Was das Mindestalter für die Wehrpflicht anbelangt, so werden die Staaten im Fakultativprotokoll zum Übereinkommen über die Rechte des Kindes betreffend die Beteiligung von Kindern an bewaffneten Konflikten zwar aufgefordert, die Rekrutierung von Personen unter 18 Jahren zu beenden, eine beunruhigende Anzahl europäischer Staaten tut dies dennoch weiterhin. Schlimmer noch, einige Staaten verstoßen gegen die absoluten Verbote des Fakultativprotokolls, indem sie Soldaten unter 18 Jahren dem Risiko eines aktiven Einsatzes aussetzen oder die Anwerbung von Wehrpflichtigen vor ihrem achtzehnten Geburtstag erlauben.
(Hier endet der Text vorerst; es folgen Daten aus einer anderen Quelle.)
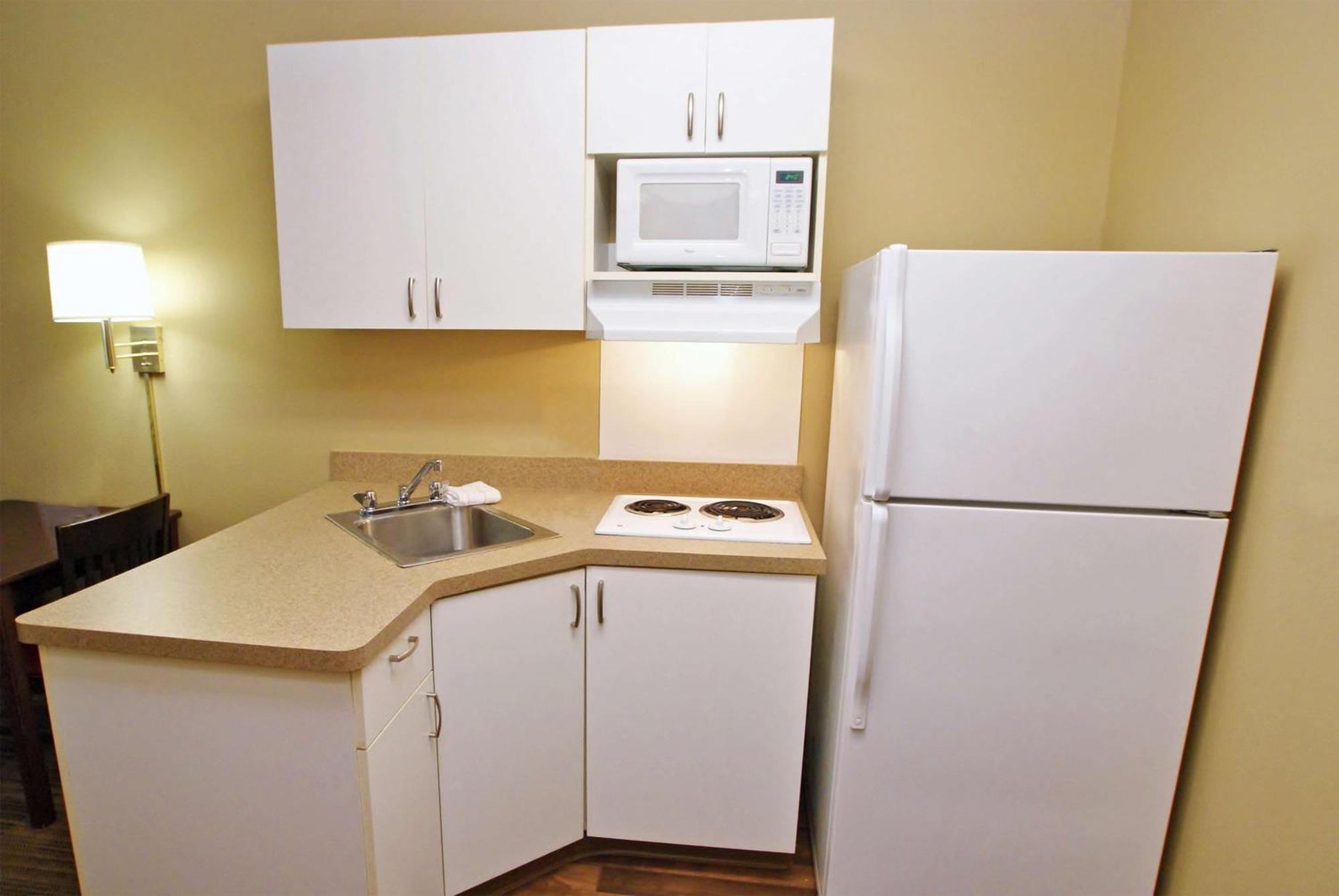 Extended Stay America Suites - Long Island - Melville Exteriör bild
Nicht zuletzt verzeichneten die Militärausgaben in Europa laut dem kürzlich veröffentlichten SIPRI-Bericht über Rüstungsausgaben  für 2022 im Jahresvergleich den stärksten Anstieg  seit mindestens 30 Jahren. Auch weltweit war der mit Abstand stärkste Ausgabenanstieg (+13 Prozent) in Europa zu verzeichnen, der zu einem großen Teil auf die russischen und ukrainischen Militärbudgets zurückzuführen ist. Die Militärausgaben der mittel- und westeuropäischen Staaten beliefen sich im Jahr 2022 auf 345 Milliarden Dollar. Real überstiegen dieRüstungsbudgets dieser Staaten zum ersten Mal die Ausgaben von 1989, als der Kalte Krieg zu Ende ging, und lagen um 30 Prozent höher als 2013. Mehrere Staaten haben ihre Militärausgaben nach dem Einmarsch Russlands in der Ukraine im Februar 2022 deutlich erhöht, andere kündigten an, die Ausgaben über Zeiträume von bis zu einem Jahrzehnt zu erhöhen. EBCO drängt auf eine Senkung der Militärbudgets und eine Erhöhung der Sozialausgaben sowie darauf, Bürgern mit Gewissensbedenken die Möglichkeit einer Erklärung zu geben, dass kein Teil der von ihnen persönlich gezahlten Steuern für Militärausgaben verwendet werden soll.